* _Task to carry out_
If a line below falls between the line with "4001 Gulf Shore BLVD N 8" and the line with "Deberenn Bussola - Kantoormeubels.online", or is one of those two, output it exactly; output nothing else and no pictures.

* _Records supplied_
========================================================================

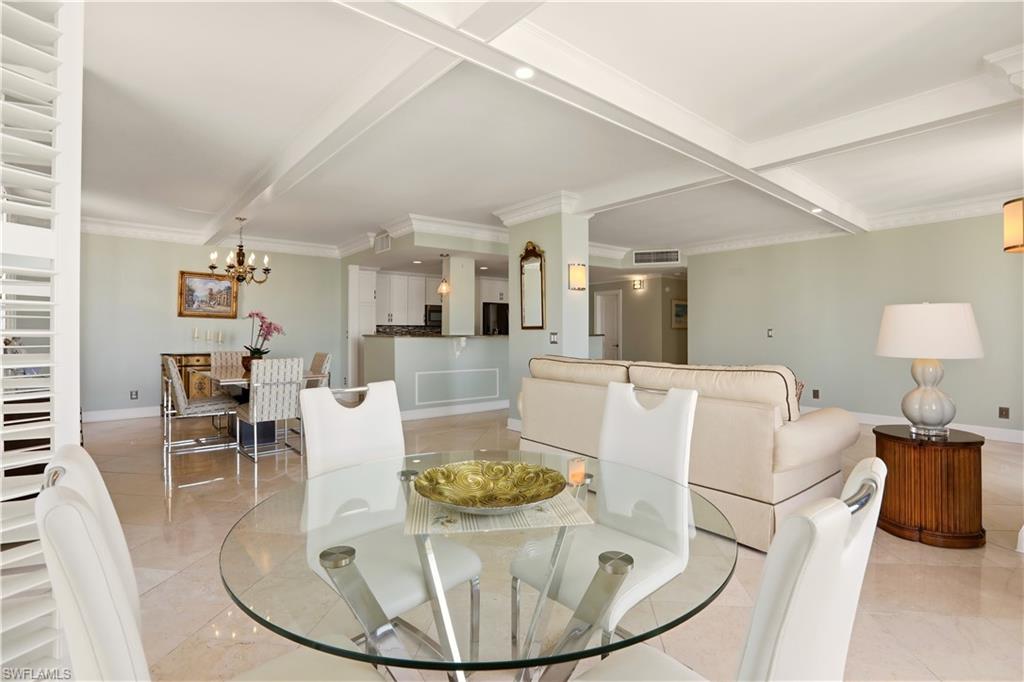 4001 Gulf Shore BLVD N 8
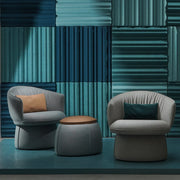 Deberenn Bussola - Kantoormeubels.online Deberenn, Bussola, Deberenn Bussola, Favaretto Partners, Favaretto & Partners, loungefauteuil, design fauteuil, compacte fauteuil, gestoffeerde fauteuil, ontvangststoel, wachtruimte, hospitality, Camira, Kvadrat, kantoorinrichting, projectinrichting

========================================================================

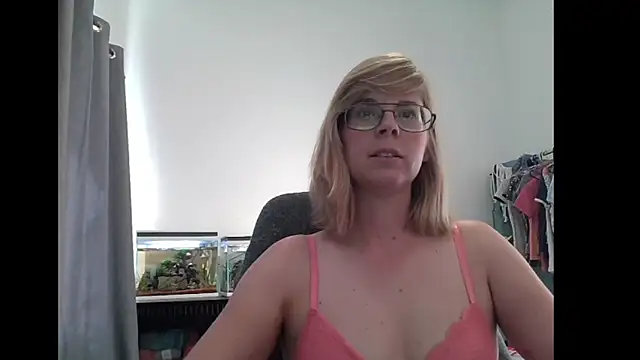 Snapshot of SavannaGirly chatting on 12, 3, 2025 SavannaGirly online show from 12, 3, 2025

========================================================================

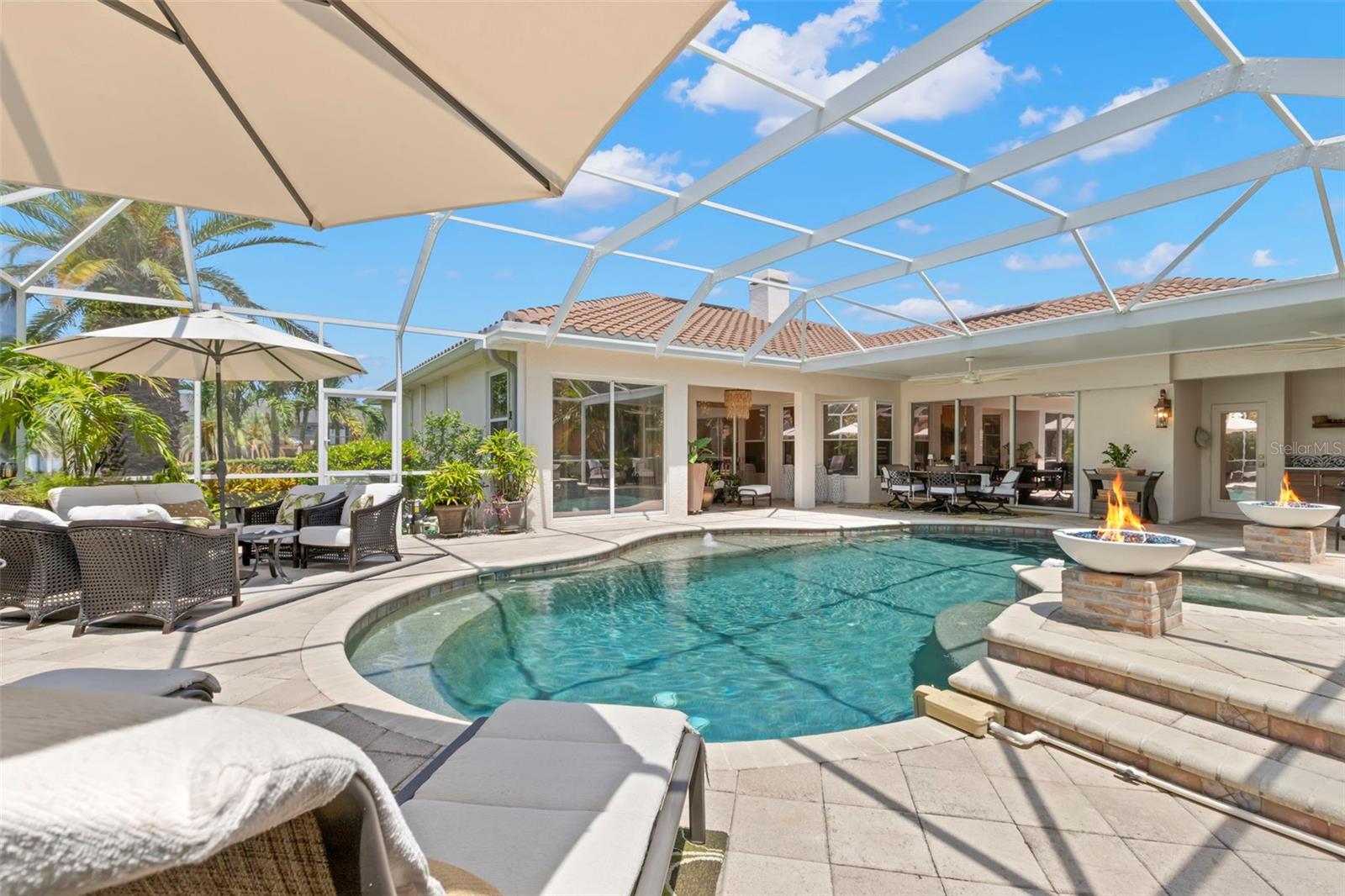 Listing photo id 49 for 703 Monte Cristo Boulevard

========================================================================

* _Exercise answer_
 4001 Gulf Shore BLVD N 8
 Deberenn Bussola - Kantoormeubels.online Deberenn, Bussola, Deberenn Bussola, Favaretto Partners, Favaretto & Partners, loungefauteuil, design fauteuil, compacte fauteuil, gestoffeerde fauteuil, ontvangststoel, wachtruimte, hospitality, Camira, Kvadrat, kantoorinrichting, projectinrichting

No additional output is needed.